A differenza di quello di Poe, il gusto di Wharton si ispira per lo più all’Italia rinascimentale (modelli preferiti sono i Palazzi Ducali di Mantova e Urbino e Palazzo Te), o settecentesca (Genova soprattutto: il Palazzo Reale e il Parodi) e alla Francia dei Luigi XV e XVI. In Inghilterra l’occhio si volge invece al revival palladiano, introdotto da Inigo Jones e proseguito da Christopher Wren e – in Francia – da Ange-Jacques Gabriel, destinato a cambiare «il gusto nordico», e ad attecchire nell’America neoclassica di Jefferson, sostituendo lo stile Tudor. In effetti, quella moda fu così diffusa da produrre un molto seguito Vitruvius Britannicus (1725), compilato da Colen Campbell, il fondatore, a sua volta, dello stile «georgiano». Poca simpatia ella mostra per il Neogotico di Viollet-le-Duc (e di Ruskin) e, tutto sommato, il suo cuore resta vincolato al calore italiano: «Nella concezione anglosassone – scrive – la bellezza non scaturisce istintivamente dai desideri materiali come accade per i popoli latini. Noi dobbiamo rendere belle le cose: esse non sono tali in se stesse». A illustrazione della fusione di funzionalità e bellezza, persino in pezzi apparentemente banali, cita i cassoni nuziali dipinti da Botticelli: non c’è dubbio che avesse conoscenze raffinate.

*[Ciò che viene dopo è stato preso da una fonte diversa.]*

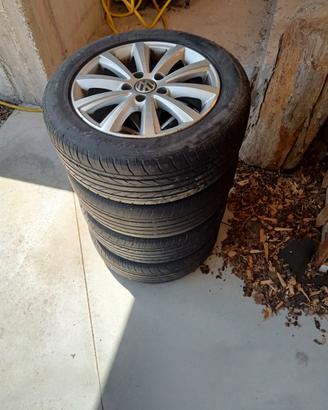 Gomme R16 205/55 94V e cerchi Touran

Quanto serve questo dotto excursus alla casa moderna? Molto, se si presta attenzione al rapporto coltivato nel passato fra «decorazione e arredamento», risponderebbe Wharton, e fra «proporzione e decorazione», che è analogo a «quello fra anatomia e scultura: le leggi universali sono sotterranee». Di qui nasce l’elogio del ‘non-superfluo’, una scelta difficile da imporre all’ambizione moderna e spendacciona: «la suprema eccellenza è la semplicità». A tale fine tende il percorso virtuale da lei tracciato nella Decorazione della casa, opera e dimora enciclopediche in cui entriamo seguendo la strada che dall’esterno conduce via via verso gli interni: porte; finestre; camini; soffitti e pavimenti; ingresso e vestibolo; hall e scale; salotto, boudoir e morning-room; sale delle feste: salone, salone da ballo, sala da musica, galleria; biblioteca, fumoir e ‘tana’; sala da pranzo; stanze da letto; e, quindi, sala da studio e stanze dei bambini; infine: bric-à-brac.
E la stanza da bagno? Anche qui non manca un buon consiglio: «Il principale difetto della stanza da bagno americana è che, per quanto splendidi siano i materiali impiegati, la decorazione non è mai architettonica. Uno sguardo alla bellissima stanza da bagno di Palazzo Pitti a Firenze (decorata da Cacialli, fine Settecento, n.d.r.) rivelerà quale effetto possa essere prodotto da una composizione accurata in un piccolo spazio. Un semplice stanzino è qui trasformato in una stanza sontuosa grazie a quel rispetto dell’armonia degli elementi che distingue l’architettura d’interni dalla semplice decorazione». Proviamo a imitarla?